■ **Records shown**
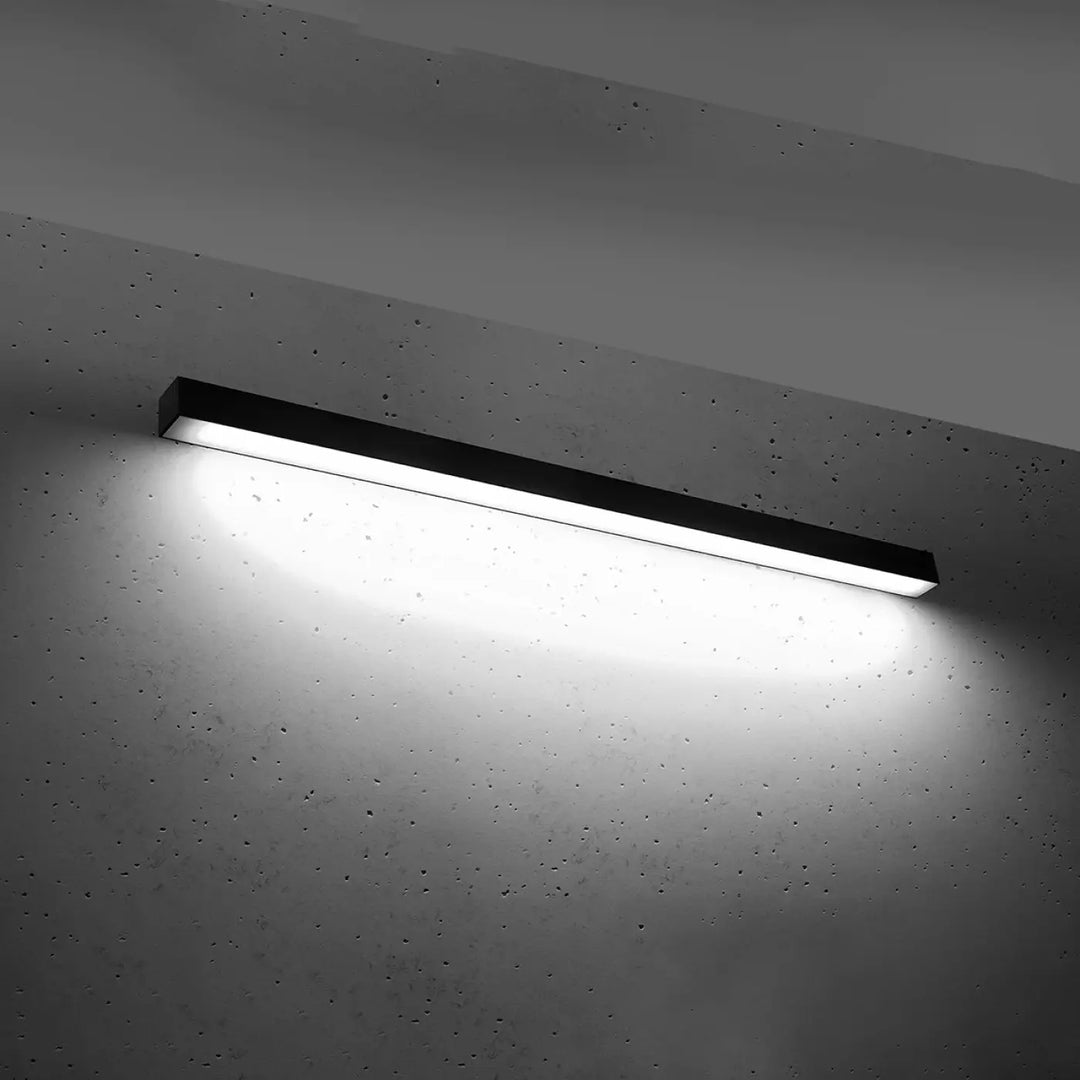 Applique murale pinne 118 4000k noir en led rectangulaire montée sur plafond béton avec différentes tailles et paramètres d’éclairage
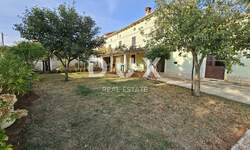 Kuca, Žminj, prodaja, 290000 €, 320 m2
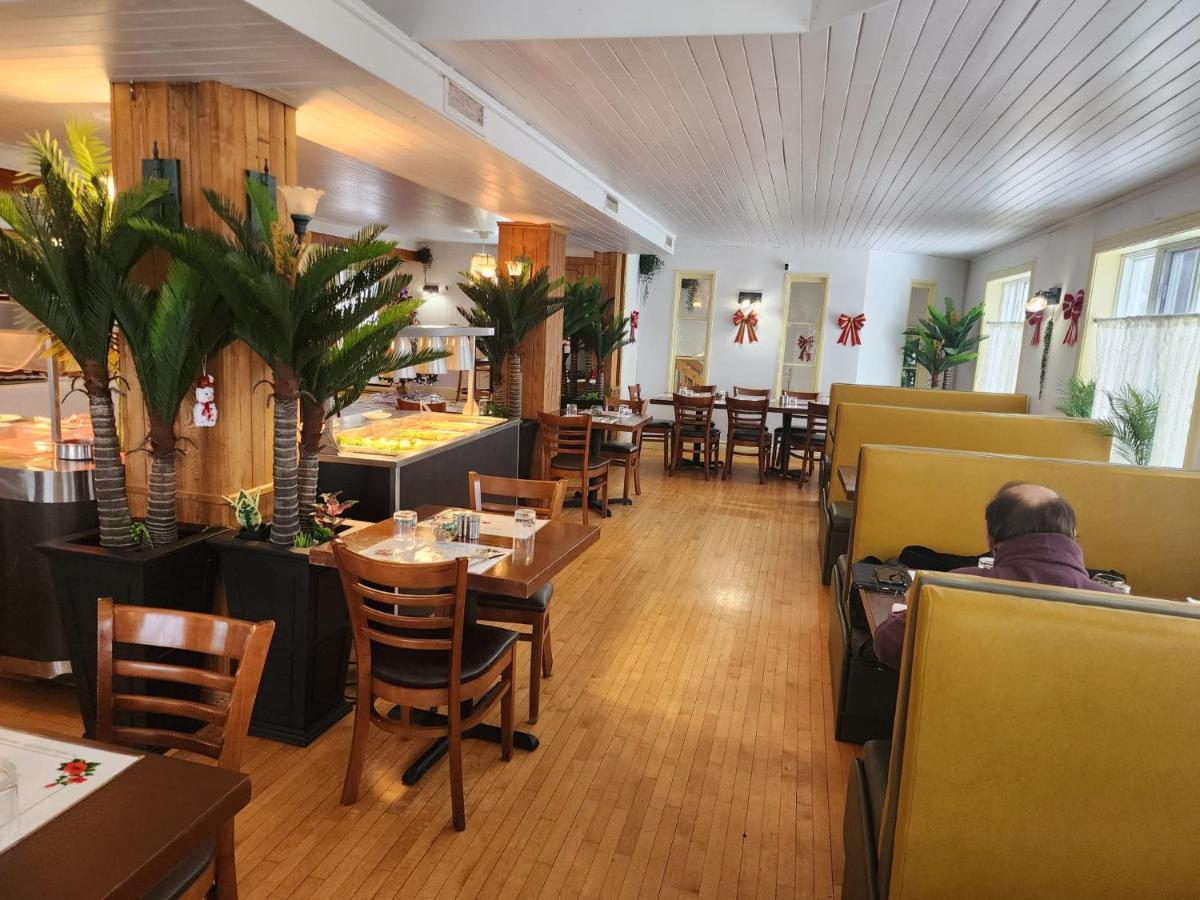Hotel Fleurs Karaibes Saint-Alexandre-de-Kamouraska Esterno foto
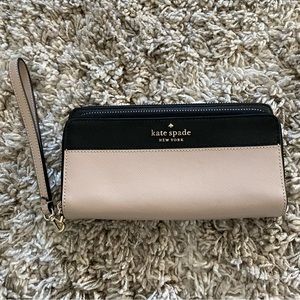 NEW Kate Spade lg Carry Wristlet K5786 colorblock saff warm beige 960 ♠️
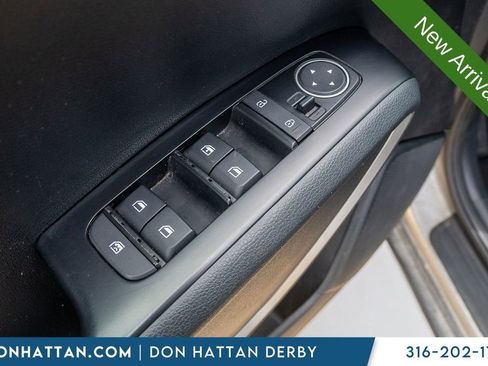 Used 2023 Kia Soul LX w/ LX Technology Package FWD image 17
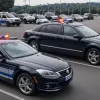 Полиция Барселоны усиливает борьбу с нелегальными парковщиками у аэропорта Эль-Прат: рейды и задержания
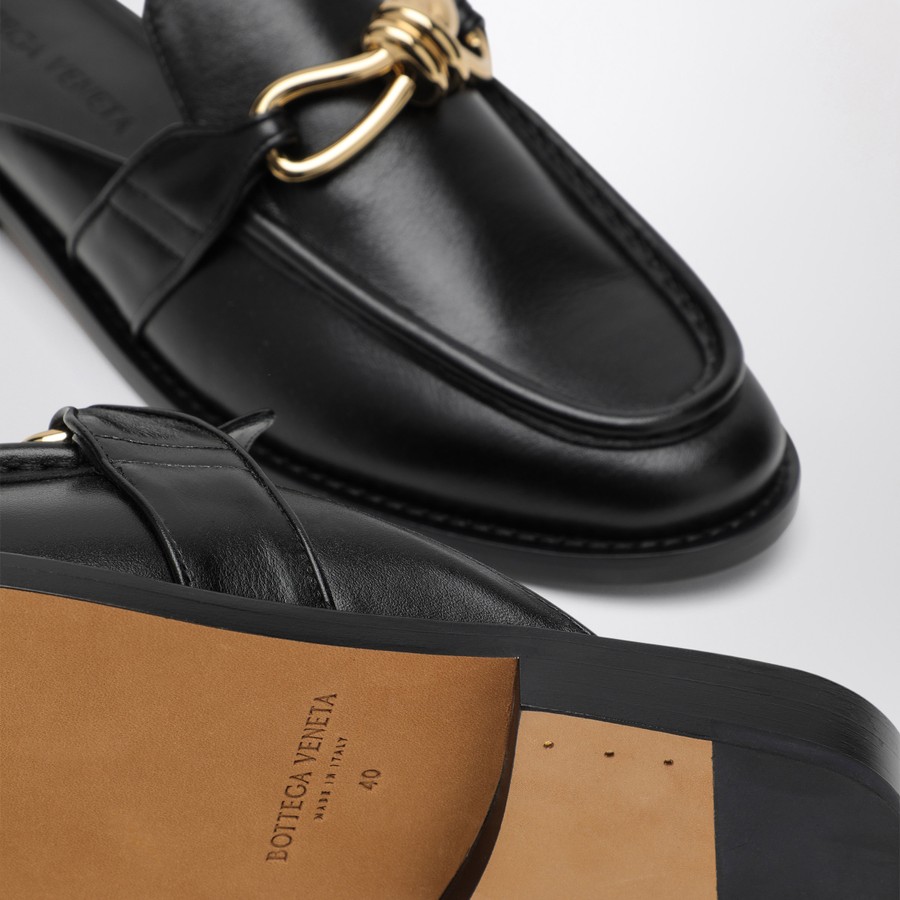 サンダル・ミュール Bottega Veneta Black Leather Astaire Slippers BOTTEGA VENETA Astaire embellished leather slippers | NET-A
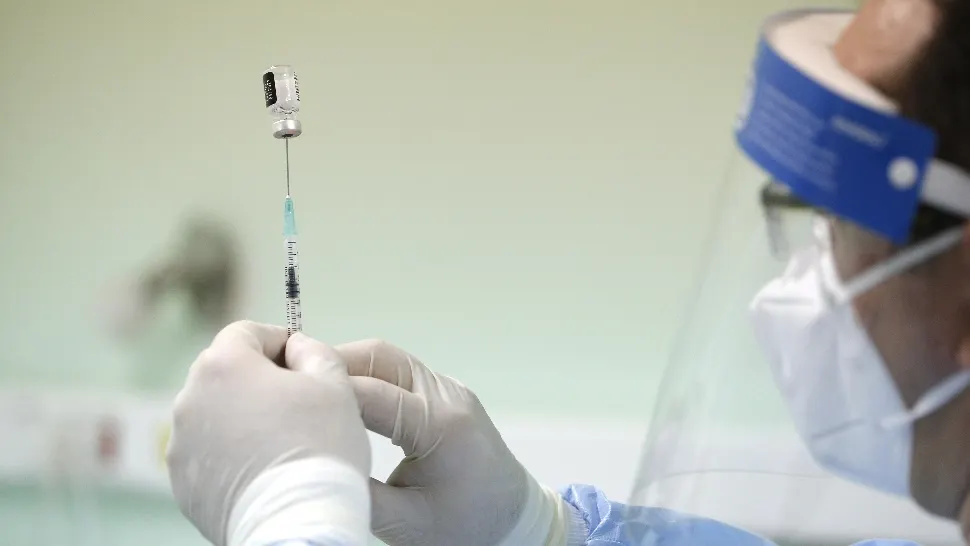 Rata de infectare în București a atins un nou nivel record: 16,42. Ce RESTRICȚII au impus autoritățile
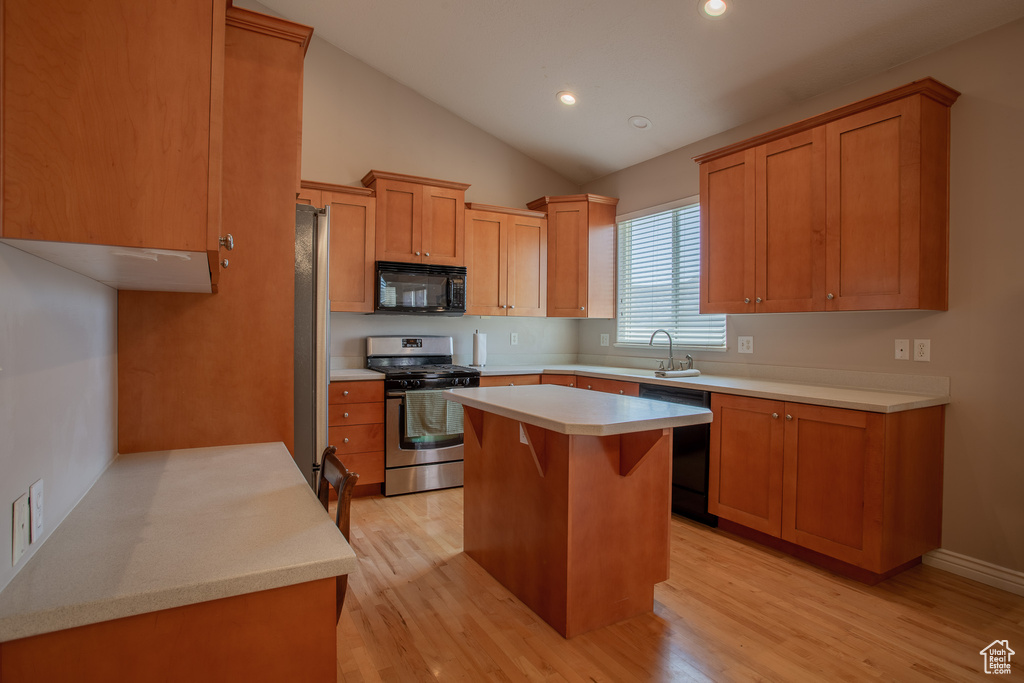 12073 S MOONWALK CIR Riverton, UT 84065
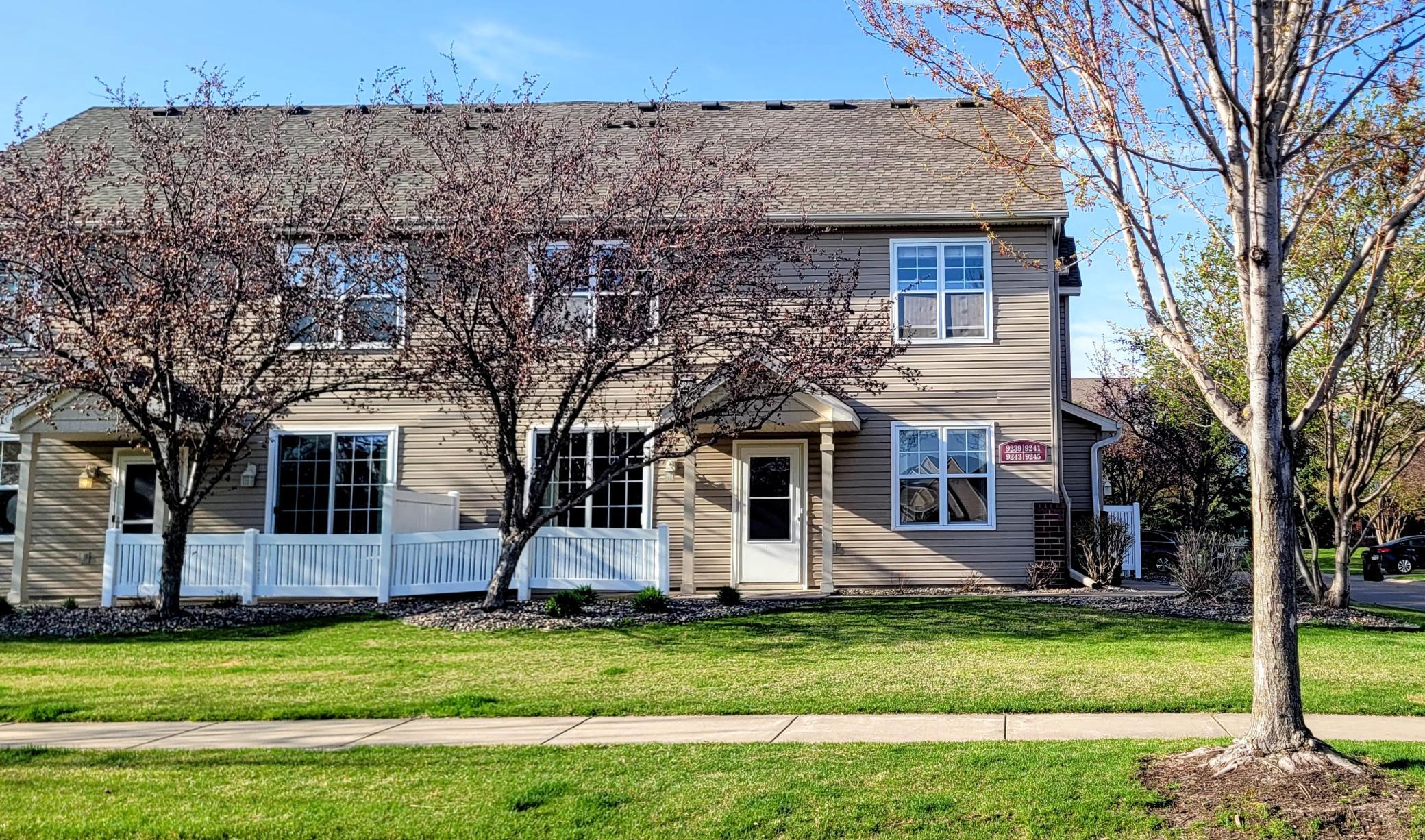 2nd image of 9239 Holly Ln N, Maple Grove, MN 55311 | MLS# 7063550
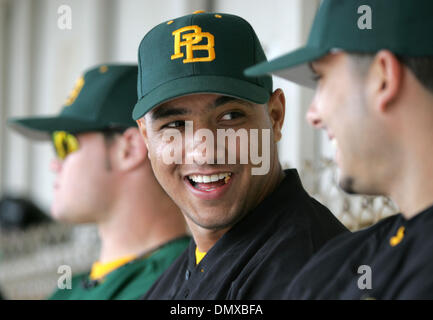 Jan 26, 2006; West Palm Beach, FL, Stati Uniti d'America; PBCC lanciatore di baseball, Hassan Peña, siede sul banco durante il gioco. Peña difettato da Cuba e un avvocato locale sta gestendo la sua carriera. Credito: Foto da Allen Eyestone/Palm Beach post/ZUMA premere. (©) Copyright 2006 da Palm Beach post Foto Stock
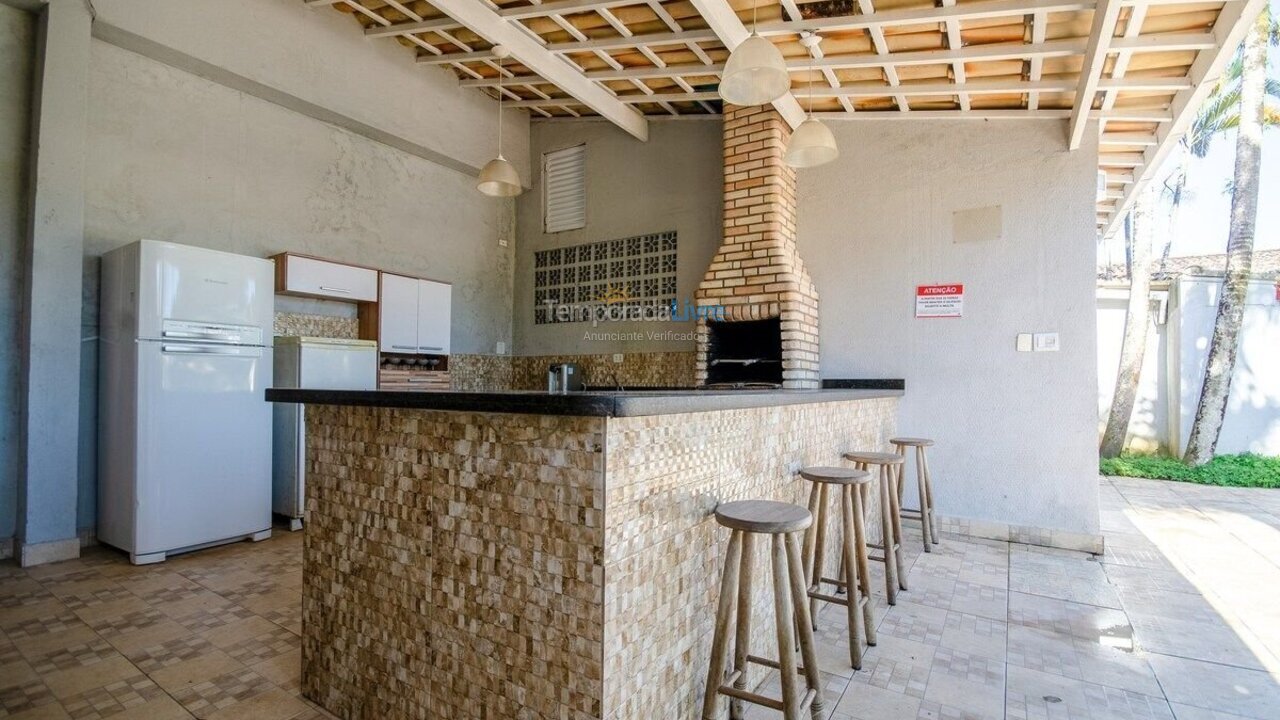 Casa para aluguel de temporada em Guarujá (Praia do Pernambuco)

■ **What to produce**
Would you return the material exactly, images excluded?

■ **Exercise output**
 Applique murale pinne 118 4000k noir en led rectangulaire montée sur plafond béton avec différentes tailles et paramètres d’éclairage
 Kuca, Žminj, prodaja, 290000 €, 320 m2
Hotel Fleurs Karaibes Saint-Alexandre-de-Kamouraska Esterno foto
 NEW Kate Spade lg Carry Wristlet K5786 colorblock saff warm beige 960 ♠️
 Used 2023 Kia Soul LX w/ LX Technology Package FWD image 17
 Полиция Барселоны усиливает борьбу с нелегальными парковщиками у аэропорта Эль-Прат: рейды и задержания
 サンダル・ミュール Bottega Veneta Black Leather Astaire Slippers BOTTEGA VENETA Astaire embellished leather slippers | NET-A
 Rata de infectare în București a atins un nou nivel record: 16,42. Ce RESTRICȚII au impus autoritățile
 12073 S MOONWALK CIR Riverton, UT 84065
 2nd image of 9239 Holly Ln N, Maple Grove, MN 55311 | MLS# 7063550
 Jan 26, 2006; West Palm Beach, FL, Stati Uniti d'America; PBCC lanciatore di baseball, Hassan Peña, siede sul banco durante il gioco. Peña difettato da Cuba e un avvocato locale sta gestendo la sua carriera. Credito: Foto da Allen Eyestone/Palm Beach post/ZUMA premere. (©) Copyright 2006 da Palm Beach post Foto Stock
 Casa para aluguel de temporada em Guarujá (Praia do Pernambuco)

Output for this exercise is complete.